Ms Jones vacuums her car every 2 days, she washes her car every 7 days and polishes it every 52 days. The last time she did all three types of cleaning on one day was on the 13th of March last year. What time will she do it again?
The numbers \(a\) and \(b\) are integers and \(a>b\). Show that the gcd of \(a\) and \(b\) is equal to the gcd of \(b\) and \(a-b\).
A brave witch is out there hunting monsters for coin. She noticed that every 5th monster she encounters has wings, every 16th has a fiery breath, every 6th has fangs and every 14th has a pile of treasure. Now, the only monster with wings, fiery breath, fangs and a pile of treasure is a dragon and witches don’t hunt dragons. Assuming that the witch has just met a dragon, how many monsters will she have to hunt to meet another one?
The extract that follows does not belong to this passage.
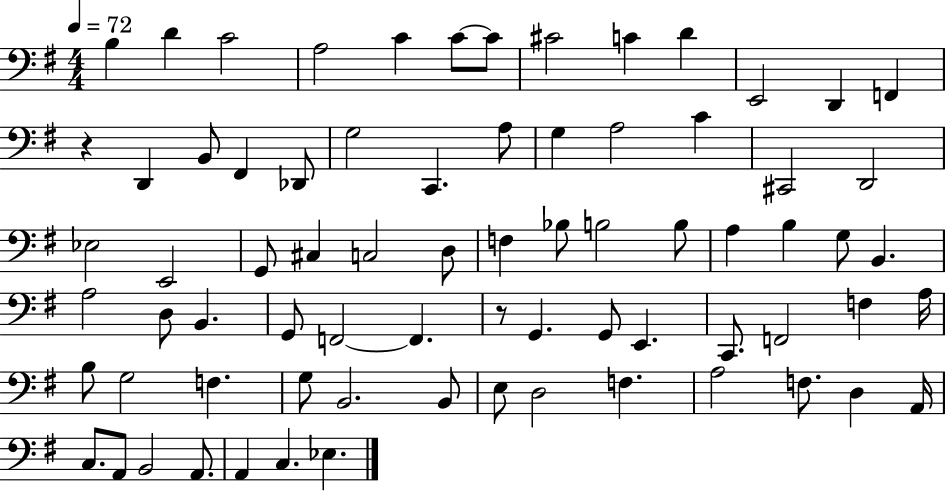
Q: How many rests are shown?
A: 2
Let \(a = 8 \times 9^2 \times 31^2 \times 7\) and \(b= 7^2 \times 2^3 \times 3^6 \times 23^2\). Find their greatest common divisor and least common multiple.
A number \(n\) is an integer. Show that the gcd of \(12n+9\) and \(9n+6\) is \(3\).
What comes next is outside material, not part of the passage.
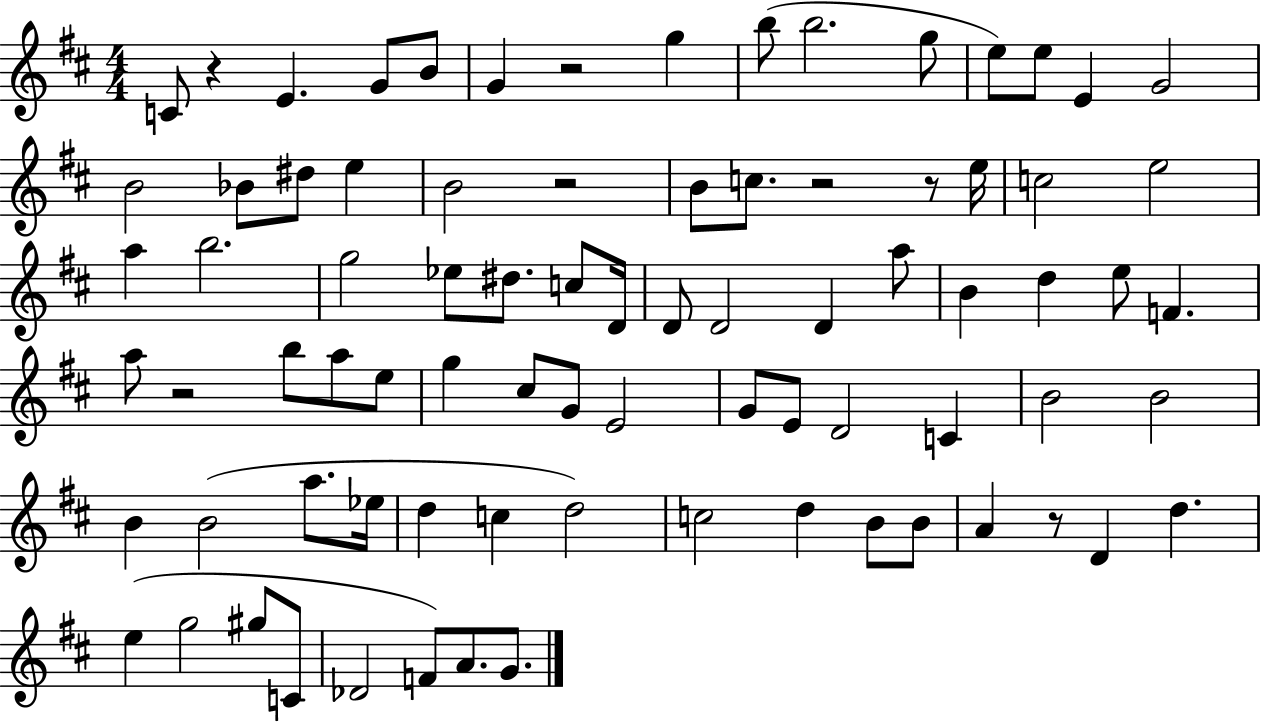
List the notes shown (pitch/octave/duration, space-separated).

C4/e R/q E4/q. G4/e B4/e G4/q R/h G5/q B5/e B5/h. G5/e E5/e E5/e E4/q G4/h B4/h Bb4/e D#5/e E5/q B4/h R/h B4/e C5/e. R/h R/e E5/s C5/h E5/h A5/q B5/h. G5/h Eb5/e D#5/e. C5/e D4/s D4/e D4/h D4/q A5/e B4/q D5/q E5/e F4/q. A5/e R/h B5/e A5/e E5/e G5/q C#5/e G4/e E4/h G4/e E4/e D4/h C4/q B4/h B4/h B4/q B4/h A5/e. Eb5/s D5/q C5/q D5/h C5/h D5/q B4/e B4/e A4/q R/e D4/q D5/q. E5/q G5/h G#5/e C4/e Db4/h F4/e A4/e. G4/e.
The gcd of numbers \(a\) and \(b\) is \(72\). What can be their smallest possible product? What could be their greatest possible product?
a) Can you measure \(5\) litres of milk using two buckets of volumes \(4\) and \(11\) litres respectively?
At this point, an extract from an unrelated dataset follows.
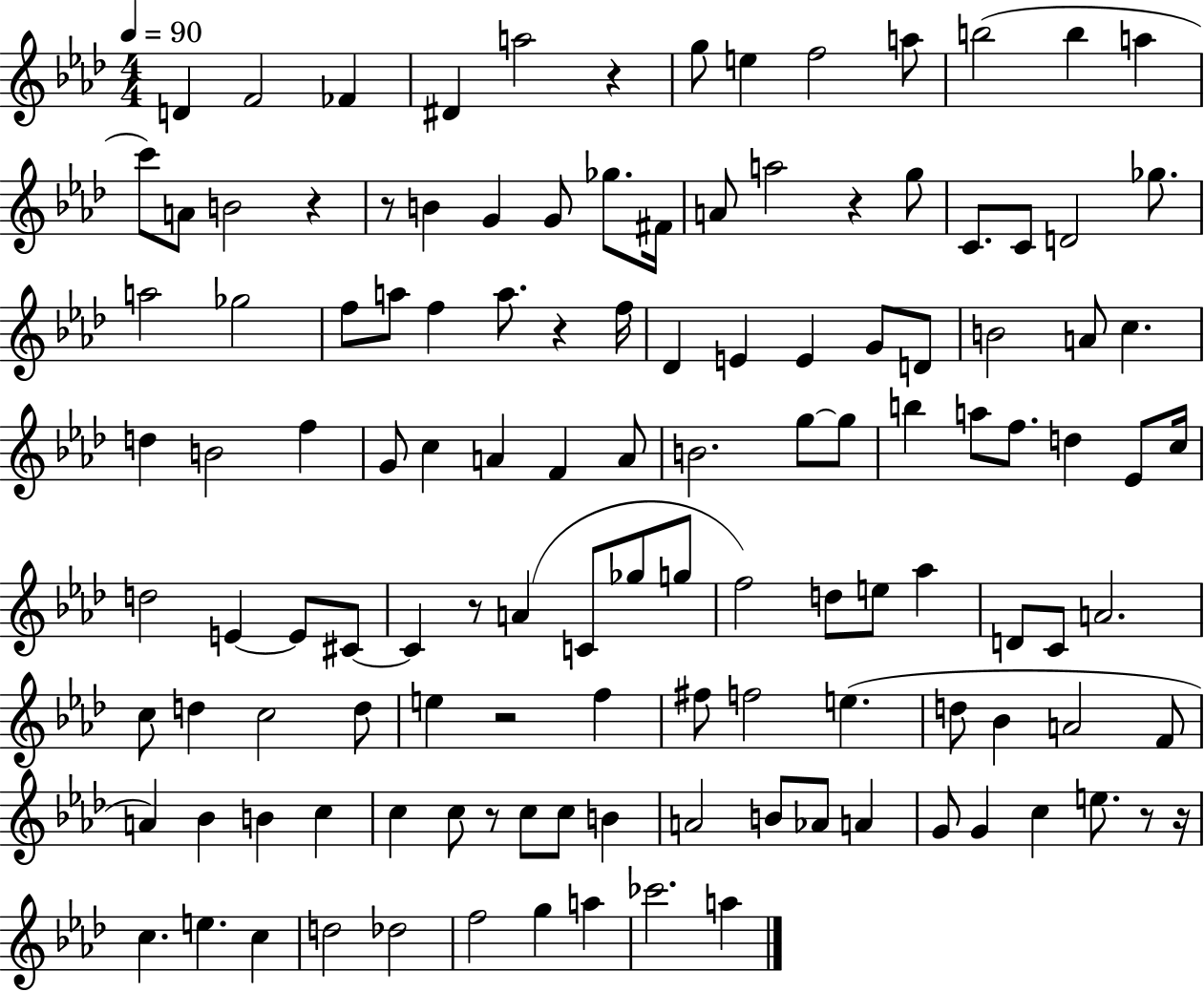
D4/q F4/h FES4/q D#4/q A5/h R/q G5/e E5/q F5/h A5/e B5/h B5/q A5/q C6/e A4/e B4/h R/q R/e B4/q G4/q G4/e Gb5/e. F#4/s A4/e A5/h R/q G5/e C4/e. C4/e D4/h Gb5/e. A5/h Gb5/h F5/e A5/e F5/q A5/e. R/q F5/s Db4/q E4/q E4/q G4/e D4/e B4/h A4/e C5/q. D5/q B4/h F5/q G4/e C5/q A4/q F4/q A4/e B4/h. G5/e G5/e B5/q A5/e F5/e. D5/q Eb4/e C5/s D5/h E4/q E4/e C#4/e C#4/q R/e A4/q C4/e Gb5/e G5/e F5/h D5/e E5/e Ab5/q D4/e C4/e A4/h. C5/e D5/q C5/h D5/e E5/q R/h F5/q F#5/e F5/h E5/q. D5/e Bb4/q A4/h F4/e A4/q Bb4/q B4/q C5/q C5/q C5/e R/e C5/e C5/e B4/q A4/h B4/e Ab4/e A4/q G4/e G4/q C5/q E5/e. R/e R/s C5/q. E5/q. C5/q D5/h Db5/h F5/h G5/q A5/q CES6/h. A5/q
b) Can you measure \(7\) litres of milk using buckets of volumes \(8\) and \(12\) litres respectively?
a) A mighty dragon has several rubies in his treasure. He is able to divide the rubies into groups of \(3\), \(5\) or \(11\). How many rubies does he have, if we know that is fewer than \(200\)?
b) The same dragon also has some emeralds. He is \(6\) emeralds short to be able to divide them into groups of \(13\), one emerald short to be able to divide them into groups of \(5\), but if he wants to divide them into groups of \(8\), he is left with one emerald. How many emeralds does he have if we know it is fewer than \(500\)?
Let \(n\) be a natural number. Show that the fraction \(\frac{21n+4}{14n+3}\) is irreducible, i.e. it cannot be simplified.
Let \(m\) and \(n\) be two positive integers with \(m<n\) such that \[\gcd(m,n)+\lcm(m,n)=m+n.\] Show that \(m\) divides \(n\).